As was noted in the report, both Cloudera and Hortonworks made some security-related acquisitions in order to enable them to expand their offering, at roughly the same time (end of 2nd quarter of 2014). Cloudera acquired Gazzang, a company offering a solution for data encryption in Hadoop. Hortonworks acquired XA Secure, a company offering an integrated security solution for Hadoop including role-based access control, audit trails and data encryption.
Cloudera just announced that they have now added data encryption for HDFS both for data at rest and in motion in their latest release of CDH 5.3. Although it has not been explicitly mentioned by Cloudera, it looks like this functionality was based on Gazzang code, perhaps with some contribution from Rhino too.

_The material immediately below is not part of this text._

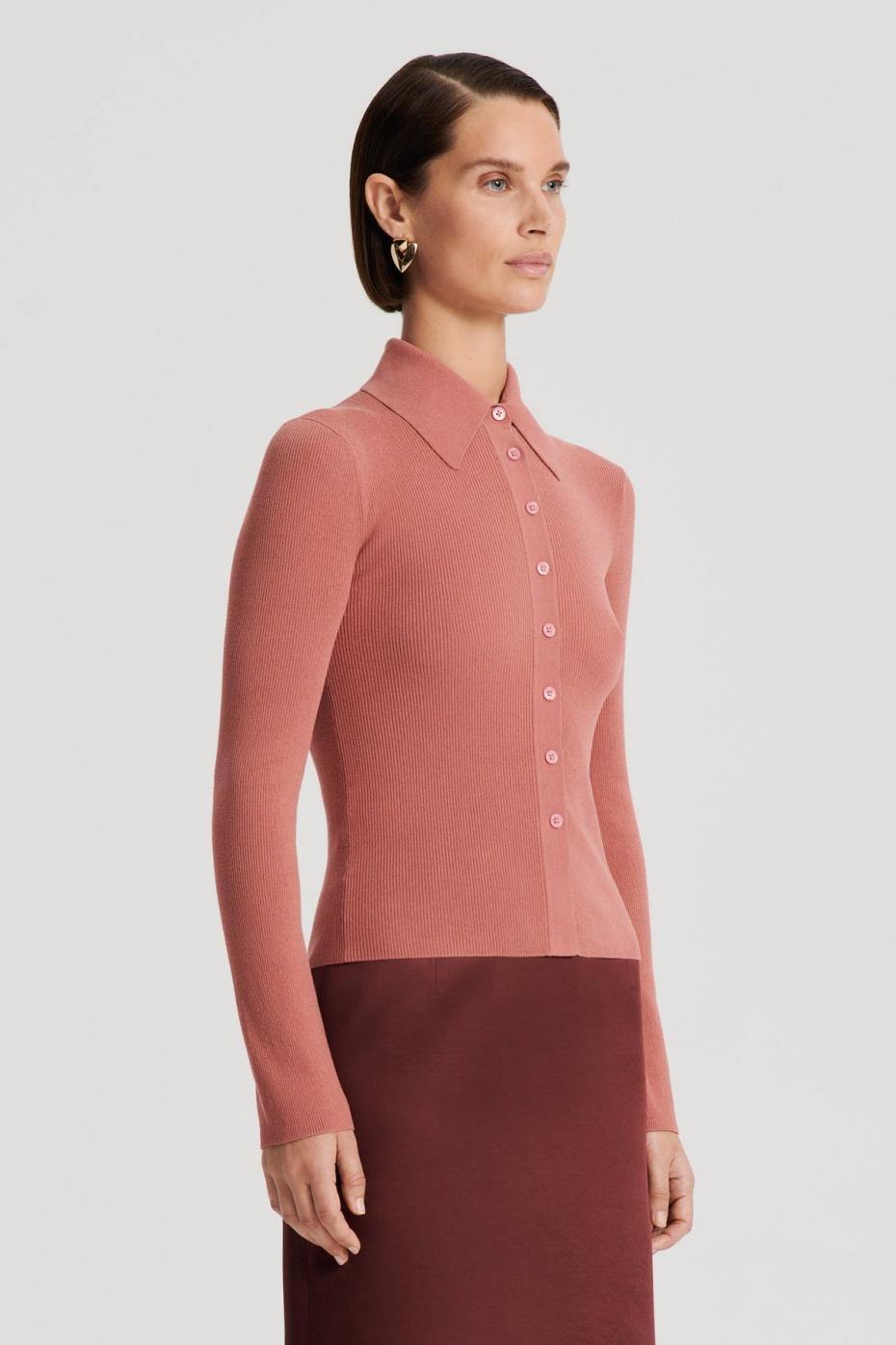 Tops | Women Scanlan Theodore KNIT SHIRT Blush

Rhino is an open source project backed by Intel that also focuses on data encryption. Cloudera and Intel are strategic partners, with Intel having invested $740 million to buy an 18% share in Cloudera.
Hortonworks on the other hand announced in December 2014 a new version (0.4.0) of the Apache Ranger project that they back. Apache Ranger is an incubator project that Hortonworks aims to use in order to integrate and open-source XA Secure functionality. Hortonworks policy on security is based on three pillars: Comprehensive Security, Central Administration and Consistent Integration. According to them, Apache Ranger now offers a centralized security framework to manage fine-grained access control over Hadoop data access components. Security administrators can also use Apache Ranger to manage audit tracking and policy analytics.
What Apache Ranger does not seem to offer at the moment however is data encryption, so it will be interesting to see if and how the latest additions from Cloudera and Hortonworks can be combined to work harmoniously in the main Apache Hadoop distribution. At the moment, it looks like a patchwork, but let’s hope that consistent integration will be able to deliver on its promise.